* [Brief]:
Your answer must be the exact lines from the one with "Waterproof Sport Backpack" to the end of the data, both included, with no pictures.

Scraped caption text data:
########

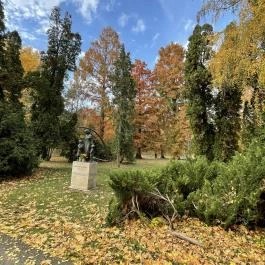 Barangoló - Kastélypark tanösvény Martonvásár - Külső kép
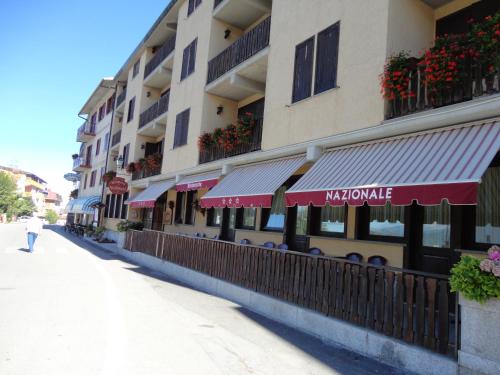 Albergo Nazionale in San Giacomo, Italy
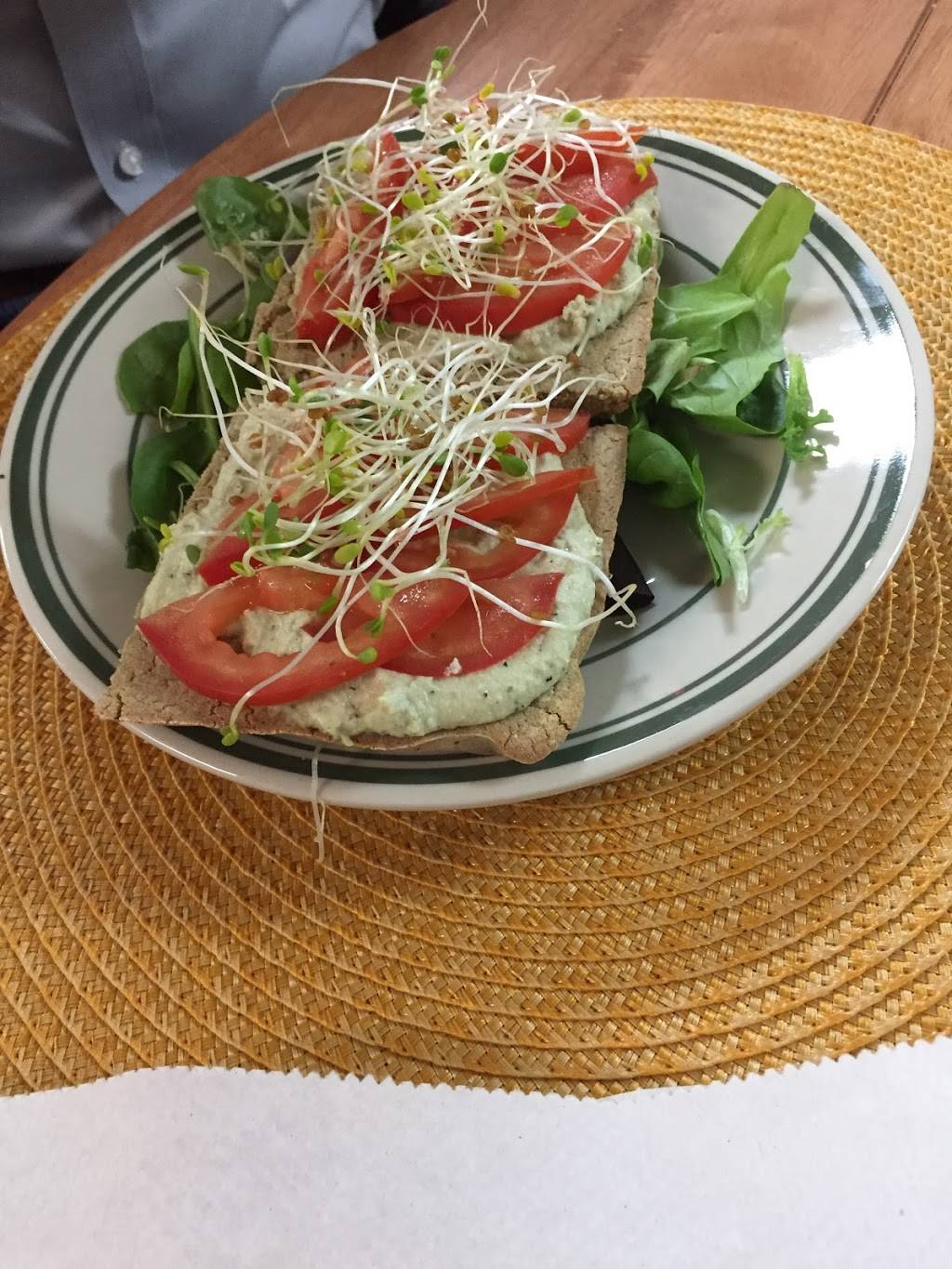 Blissfully Vegan Cafe | restaurant | 6 Greenwood Lake Turnpike, Ringwood, NJ 07456, USA | 9739072776 OR +1 973-907-2776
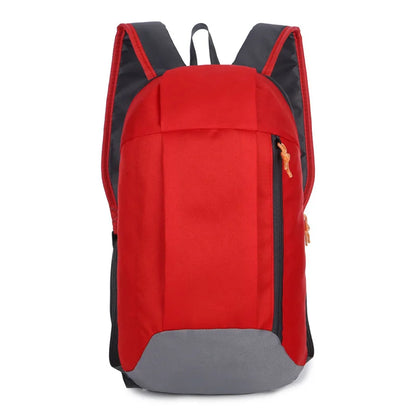 Waterproof Sport Backpack Small Gym Bag Women Pink Outdoor Luggage for Fitness Travel Duffel Bags Men Kids Children Sac De Nylon - Smarsty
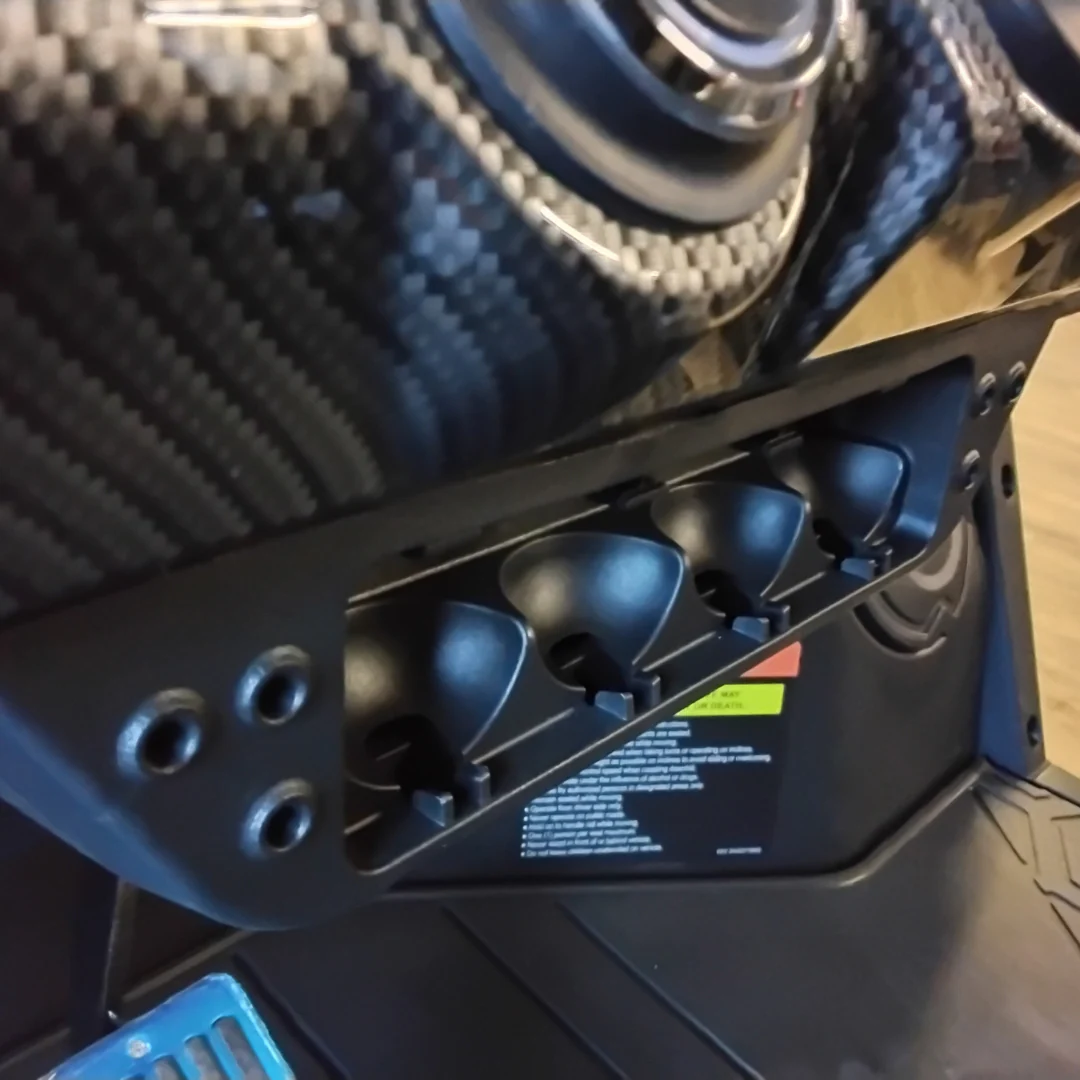 Evolution D-MAX Golf Ball Holder Cover - Image 2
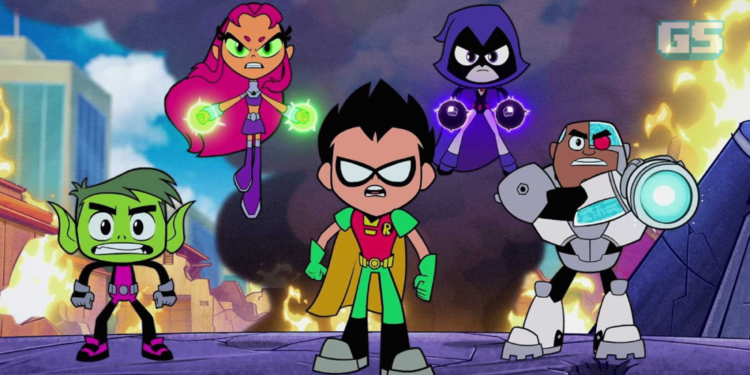 Kartun-kartun serupa seperti Anime tetapi bukan asal dari Jepun?!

########

* [Expected output]:
 Waterproof Sport Backpack Small Gym Bag Women Pink Outdoor Luggage for Fitness Travel Duffel Bags Men Kids Children Sac De Nylon - Smarsty
 Evolution D-MAX Golf Ball Holder Cover - Image 2
 Kartun-kartun serupa seperti Anime tetapi bukan asal dari Jepun?!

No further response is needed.